Collected data:
※

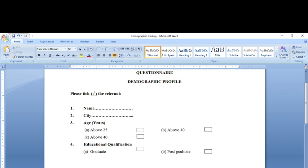Sometimes it happens that we collect the demographic profile of the respondents but do not make it a part of the analysis because we do not know what to do with it. I'll be discussing in my next video how you can use a demographic profile for the purpose of your analysis and enhance the quality of your research. But before that, I would tell you how demographic data needs to be coded so that later on it can form a part of your analysis.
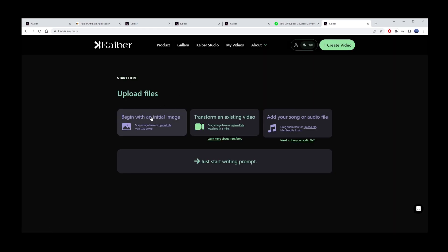Here we have four options. Upload your own image as your main prompt. Transform an existing video with AI. This means you'll upload your own video and Khyber will modify it based on the prompts you will type in the next step.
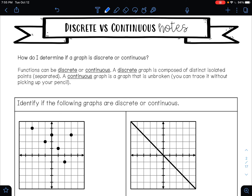In this video, we're going to talk about discrete and continuous graphs. So how do you determine if a graph is continuous or discrete? Functions can be continuous or discrete. A discrete graph is composed of distinct isolated points — the graph is separated into different parts or pieces. A continuous graph is unbroken; you can trace it without picking up your pencil.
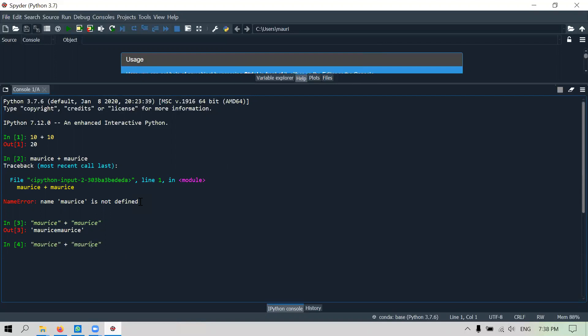I can actually concatenate an empty space if I want to. So I can concatenate an empty space in this case.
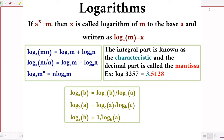From a quantitative aptitude point of view, the most important properties are: first, logarithm of mn equals logarithm of m plus logarithm of n. Second, logarithm of m divided by n equals logarithm of m minus logarithm of n. Third, logarithm of m raised to n equals n times logarithm of m.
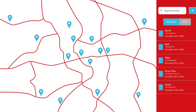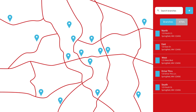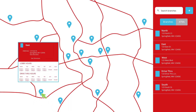Details about branches and ATMs are displayed on the right side of the page. Click on any branch location for additional details such as phone numbers, directions, lobby hours, and drive-through hours.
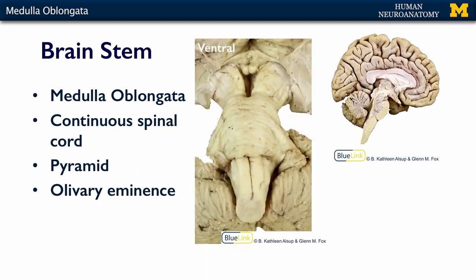Here's what these things look like on an actual brain, and you can see them very clearly. Here's that midline sulcus. Here are the pyramids in between it. And I suppose if you really use your imagination, you can see all those motor fibers crossing right through here. And then here on the side is our olivary eminence.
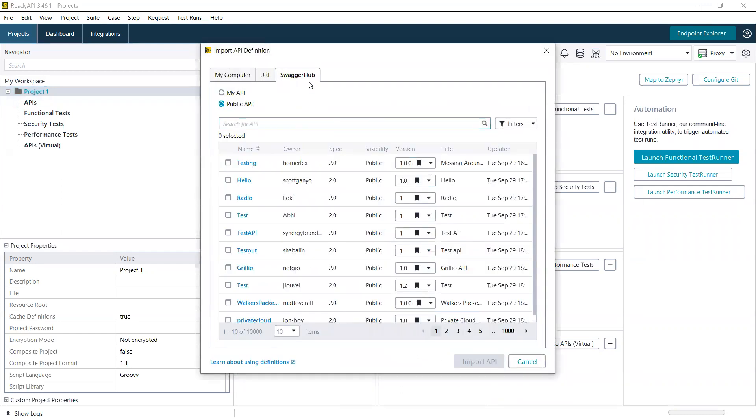This window will open on the SwaggerHub tab. First, you're going to see your public APIs. So these are any public APIs on SwaggerHub. You don't need to log in to import these.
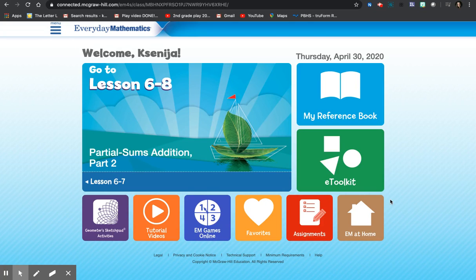Hello, today we will be going on ConnectED, so go ahead and log into your account.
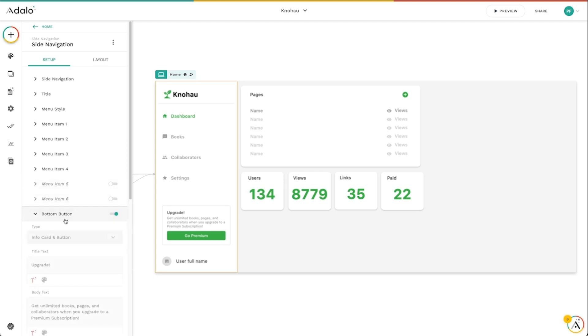We've got a bottom button down here, which is turned on. That's this little upgrade button that I've got. I think it makes it really easy to add a call to action for people to subscribe to your service or whatever to your app.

※

#### [Description of the task]
From the first line to the last, restate the entries exactly, without pictures.

#### [Response]
Sometimes it happens that we collect the demographic profile of the respondents but do not make it a part of the analysis because we do not know what to do with it. I'll be discussing in my next video how you can use a demographic profile for the purpose of your analysis and enhance the quality of your research. But before that, I would tell you how demographic data needs to be coded so that later on it can form a part of your analysis.
Here we have four options. Upload your own image as your main prompt. Transform an existing video with AI. This means you'll upload your own video and Khyber will modify it based on the prompts you will type in the next step.
In this video, we're going to talk about discrete and continuous graphs. So how do you determine if a graph is continuous or discrete? Functions can be continuous or discrete. A discrete graph is composed of distinct isolated points — the graph is separated into different parts or pieces. A continuous graph is unbroken; you can trace it without picking up your pencil.
I can actually concatenate an empty space if I want to. So I can concatenate an empty space in this case.
From a quantitative aptitude point of view, the most important properties are: first, logarithm of mn equals logarithm of m plus logarithm of n. Second, logarithm of m divided by n equals logarithm of m minus logarithm of n. Third, logarithm of m raised to n equals n times logarithm of m.
Details about branches and ATMs are displayed on the right side of the page. Click on any branch location for additional details such as phone numbers, directions, lobby hours, and drive-through hours.
Here's what these things look like on an actual brain, and you can see them very clearly. Here's that midline sulcus. Here are the pyramids in between it. And I suppose if you really use your imagination, you can see all those motor fibers crossing right through here. And then here on the side is our olivary eminence.
This window will open on the SwaggerHub tab. First, you're going to see your public APIs. So these are any public APIs on SwaggerHub. You don't need to log in to import these.
Hello, today we will be going on ConnectED, so go ahead and log into your account.
We've got a bottom button down here, which is turned on. That's this little upgrade button that I've got. I think it makes it really easy to add a call to action for people to subscribe to your service or whatever to your app.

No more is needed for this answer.